# Is PlayboyTV worth the extra $15.99 per month?



## matty8199 (Dec 4, 2005)

I need something to take my mind off missing 24 last night...


----------



## Newshawk (Sep 3, 2004)

I don't think so, but then I have 24 on both my DVRs...


----------



## matty8199 (Dec 4, 2005)

Anyone else have any opinions about PBTV?


----------



## CCarncross (Jul 19, 2005)

I've always enjoyed it. "worth" is a subjective term....if you have to ask, it probably isnt "worth" it for you...you can always buy one of the blocks and see if you like it...


----------



## Earl Bonovich (Nov 15, 2005)

Well...

I know someone, who subscribes for about a month every 4 months or so.

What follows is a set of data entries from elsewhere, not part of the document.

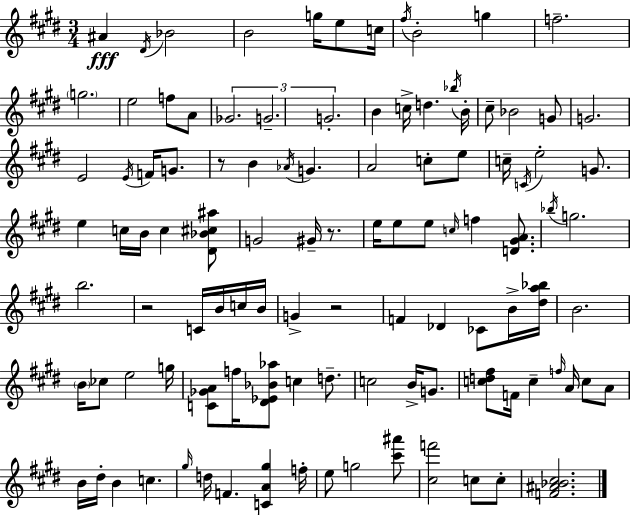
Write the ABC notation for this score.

X:1
T:Untitled
M:3/4
L:1/4
K:E
^A ^D/4 _B2 B2 g/4 e/2 c/4 ^f/4 B2 g f2 g2 e2 f/2 A/2 _G2 G2 G2 B c/4 d _b/4 B/4 ^c/2 _B2 G/2 G2 E2 E/4 F/4 G/2 z/2 B _A/4 G A2 c/2 e/2 c/4 C/4 e2 G/2 e c/4 B/4 c [^D_B^c^a]/2 G2 ^G/4 z/2 e/4 e/2 e/2 c/4 f [D^GA]/2 _b/4 g2 b2 z2 C/4 B/4 c/4 B/4 G z2 F _D _C/2 B/4 [^da_b]/4 B2 B/4 _c/2 e2 g/4 [C_GA]/2 f/4 [^D_E_B_a]/2 c d/2 c2 B/4 G/2 [cd^f]/2 F/4 c f/4 A/4 c/2 A/2 B/4 ^d/4 B c ^g/4 d/4 F [CA^g] f/4 e/2 g2 [^c'^a']/2 [^cf']2 c/2 c/2 [F^A_B^c]2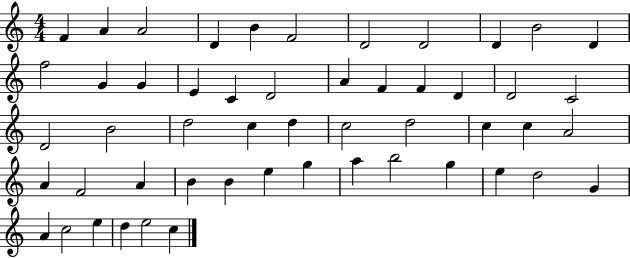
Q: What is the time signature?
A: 4/4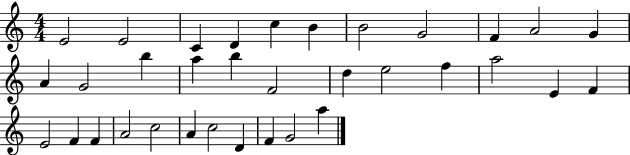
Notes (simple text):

E4/h E4/h C4/q D4/q C5/q B4/q B4/h G4/h F4/q A4/h G4/q A4/q G4/h B5/q A5/q B5/q F4/h D5/q E5/h F5/q A5/h E4/q F4/q E4/h F4/q F4/q A4/h C5/h A4/q C5/h D4/q F4/q G4/h A5/q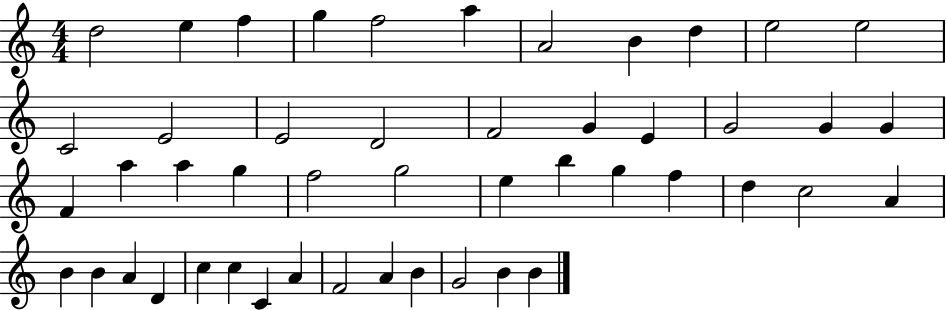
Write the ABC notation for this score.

X:1
T:Untitled
M:4/4
L:1/4
K:C
d2 e f g f2 a A2 B d e2 e2 C2 E2 E2 D2 F2 G E G2 G G F a a g f2 g2 e b g f d c2 A B B A D c c C A F2 A B G2 B B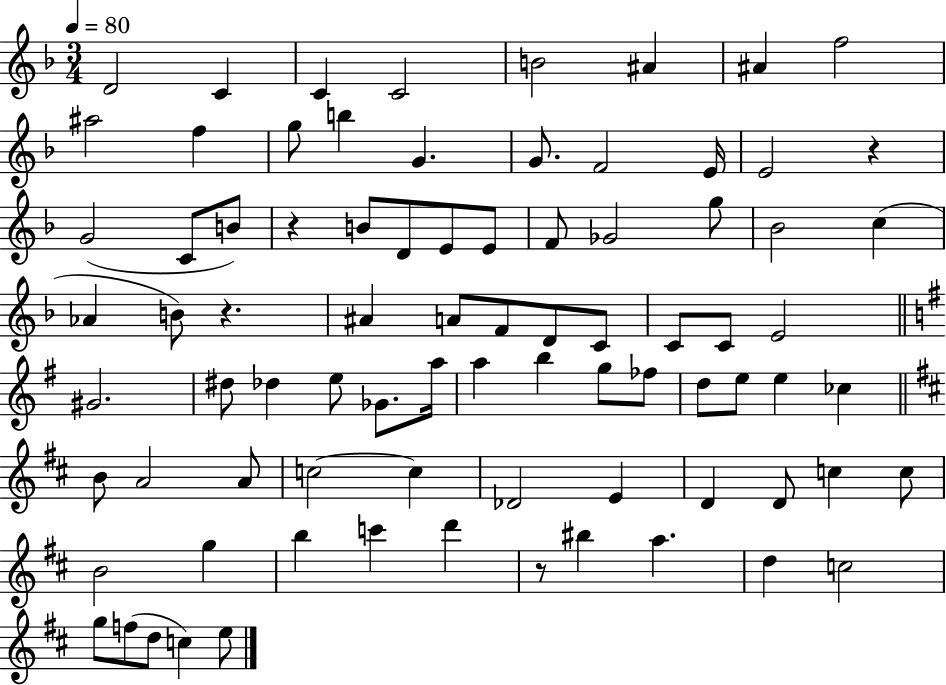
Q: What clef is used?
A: treble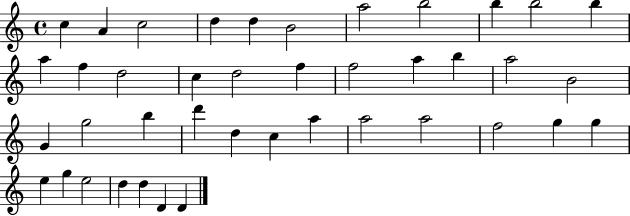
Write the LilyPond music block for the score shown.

{
  \clef treble
  \time 4/4
  \defaultTimeSignature
  \key c \major
  c''4 a'4 c''2 | d''4 d''4 b'2 | a''2 b''2 | b''4 b''2 b''4 | \break a''4 f''4 d''2 | c''4 d''2 f''4 | f''2 a''4 b''4 | a''2 b'2 | \break g'4 g''2 b''4 | d'''4 d''4 c''4 a''4 | a''2 a''2 | f''2 g''4 g''4 | \break e''4 g''4 e''2 | d''4 d''4 d'4 d'4 | \bar "|."
}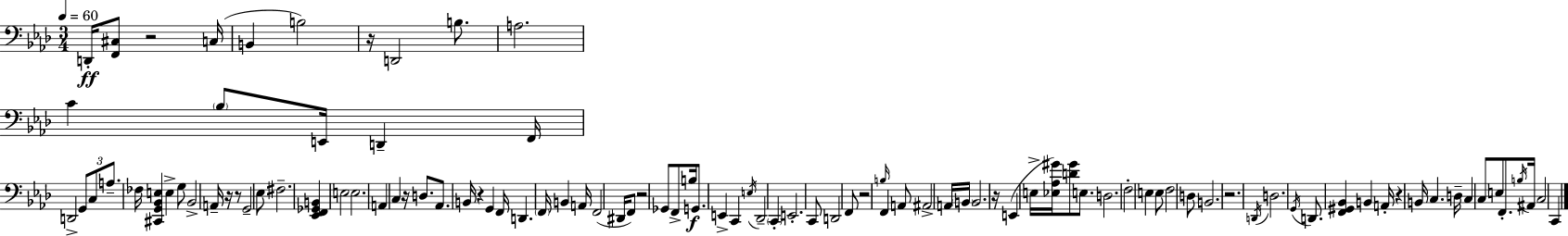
X:1
T:Untitled
M:3/4
L:1/4
K:Ab
D,,/4 [F,,^C,]/2 z2 C,/4 B,, B,2 z/4 D,,2 B,/2 A,2 C _B,/2 E,,/4 D,, F,,/4 D,,2 G,,/2 C,/2 A,/2 _F,/4 [^C,,G,,_B,,E,] E, G,/2 _B,,2 A,,/4 z/4 z/2 G,,2 _E,/2 ^F,2 [_E,,F,,_G,,B,,] E,2 E,2 A,, C, z/4 D,/2 _A,,/2 B,,/4 z G,, F,,/4 D,, F,,/4 B,, A,,/4 F,,2 ^D,,/4 F,,/2 z2 _G,,/2 F,,/2 B,/4 G,,/2 E,, C,, E,/4 _D,,2 C,, E,,2 C,,/2 D,,2 F,,/2 z2 B,/4 F,, A,,/2 ^A,,2 A,,/4 B,,/4 B,,2 z/4 E,, E,/4 [_E,_A,^G]/4 [D^G]/2 E,/2 D,2 F,2 E, E,/2 F,2 D,/2 B,,2 z2 D,,/4 D,2 G,,/4 D,,/2 [F,,^G,,_B,,] B,, A,,/4 z B,,/4 C, D,/4 C, C,/2 E,/2 F,,/2 B,/4 ^A,,/4 C,2 C,,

Setups up the DVR to record about 50-60 hours worth of programming, before the repeats really kick in.


----------



## CCarncross (Jul 19, 2005)

totalconfusion said:


> It's worth the five bucks I pay for it on E.* I don't know if I personally would pay 15.99 because of the lack of new original programming. If you are new to the channel, they would be new to you.


For everyone else PBTV on E* is $8.99 according to their website....


----------



## corsig (May 16, 2006)

After 5 minutes of watching it you wish you didn't waste your time unless you really really want to see semi naked hot girls :^)

I had it for a while and I ended up never watching it.


----------



## matty8199 (Dec 4, 2005)

CCarncross said:


> I've always enjoyed it. "worth" is a subjective term....if you have to ask, it probably isnt "worth" it for you...you can always buy one of the blocks and see if you like it...


I'd buy it for $15.99 for a month to see how it is before I'd spend $8.99 for four hours...


----------



## Earl Bonovich (Nov 15, 2005)

corsig said:


> After 5 minutes of watching it you wish you didn't waste your time unless you really really want to see semi naked hot girls :^)
> 
> I had it for a while and I ended up never watching it.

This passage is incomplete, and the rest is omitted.